Where Volcanoes Develop



Most of the volcanoes on Earth are located along the boundaries between lithospheric plates, which can be convergent (subduction zones) or divergent (mid ocean ridges). The chain of volcanoes along the Pacific Rim, often referred to as the Ring of Fire, is an example of subduction zone volcanism. Iceland, in contrast, is a volcanic island straddling the Mid-Atlantic Ridge (a divergent plate boundary). Although they are not as numerous as plate boundary volcanoes, intraplate volcanoes can occur where plates pass over mantle hot spots or along continental rift zones where plates are being pulled apart. The Hawaiian Islands, for example, were formed as the Pacific Plate slowly passed over a magma-generating hot spot within the mantle.



Oceanic ridges are chains of volcanoes located along the boundary between two diverging oceanic plates. New oceanic crust is formed along the ridges as two oceanic plates move apart. Where the rate of plate formation is rapid, older crust is quickly pushed out of the way and only small volcanic vents form. Where the spreading rate is slower, volcanic eruptions may form large volcanoes.

Subduction zones are areas in which oceanic plates are overridden by continental plates, forcing the heavier oceanic crust deep enough to be melted and recycled as second generation magma. Because the size of Earth is constant, the amount of oceanic crust consumed by subduction zones must be approximately equal the amount produced along mid-ocean ridges. The volcanoes of the western coast of North and South America, Indonesia, the Philippines, Japan, Kamchatka, and Alaska all sit atop subduction zones and collectively comprise the Ring of Fire.

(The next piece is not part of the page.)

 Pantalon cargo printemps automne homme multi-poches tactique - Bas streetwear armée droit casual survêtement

Some volcanoes form above hot spots far from the edges of tectonic plates, and are known as intraplate volcanoes. A hot spot is an upwelling of magma from far beneath the Earth's crust, caused by a disturbance at the boundary between the solid mantle and the liquid outer core of Earth's interior. Hot spots are, compared to mid-ocean ridges or subduction zones, relatively small and isolated features. Well known intraplate hot spot volcanoes include the Hawaiian Islands, the Jemez Mountains and Capulin volcanic field of New Mexico, and the volcanoes that produced volcanic rocks throughout the Yellowstone region of Wyoming.

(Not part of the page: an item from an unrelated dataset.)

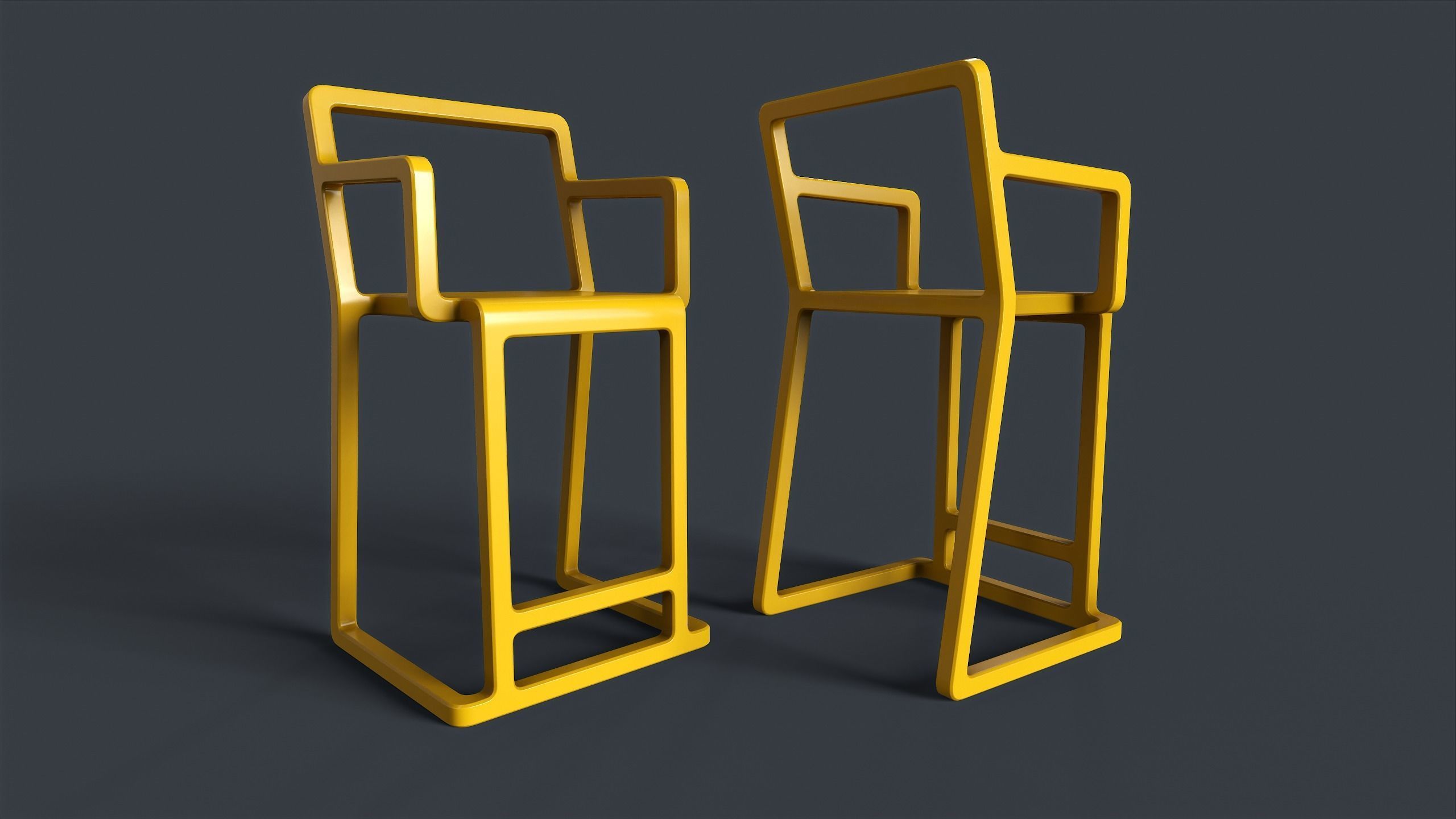 Modern Indoor Metal Chair Set PBR Game Ready Low-poly 3D model_17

Hot spots provide information about the rates and directions of movement of tectonic plates over geologic time scales. When magma from a hot spot rises from the lower mantle and through the lithospheric plate, a volcano forms on the surface. The plate continues to move over the stationary hot spot and eventually produces a chain of volcanoes that increase in age away from the hot spot and show the direction of plate movement. The Hawaiian Islands mark the track of a hot spot, over which the Pacific Plate has moved in a northwesterly direction, toward Japan. Likewise, the volcanic rocks of the Snake River Plain in southern Idaho recorded the progress of the North American plate as it moved over the Yellowstone hot spots.